Posters of sunbaked chairs at the Memorial Union Terrace capture its idyllic splendor, and it’s the time of year when usage of a certain word shifts from a noun (Terrace) to a verb (terrace).
It’s enough to make one forget that for several months each year, the lake is not sun-dappled and shimmering. Once its palette fades from vibrant blue to shades of gray and white, it is frozen and placid.
But there is a sense of peace and a quiet, stunning beauty to being on the lake in the dead of winter. Those who venture out onto the ice find solitude that can be scarce on a campus of forty thousand-plus students in the thick of a busy semester.
David Tolkin ’80 often walked out on the lake wearing hiking boots that his friends from Wisconsin called “wafflestompers,” named for the pattern the lug soles made in the snow. He lived nearby in Tralfamadore, a co-op on Langdon Street, and he recalls visiting the much-adored sculpture of the Statue of Liberty on the ice.

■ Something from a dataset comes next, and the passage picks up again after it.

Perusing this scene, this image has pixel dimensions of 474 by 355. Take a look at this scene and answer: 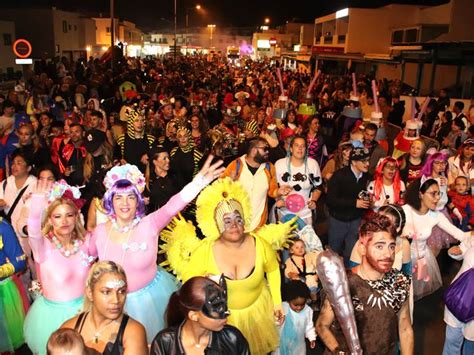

The co-op is gone now, and Lady Liberty has been in storage since 2011, when she was severely damaged by weather and vandalism, but the ice always returns. And based on the ski tracks and slushy footprints in the snow that cover the lake’s icy surface in the winter, plenty of people on campus appreciate the season’s serenity and count the days until the open water turns to ice.
The paths they take don’t necessarily go anywhere. Some tracks seem to travel just far enough to take in a chilly sunset; other tracks appear to stretch from the foot of the Terrace to as far away as Picnic Point, but only the hardiest of souls know that for sure.
Last winter, Lake Mendota froze on January 14. It won’t be long now.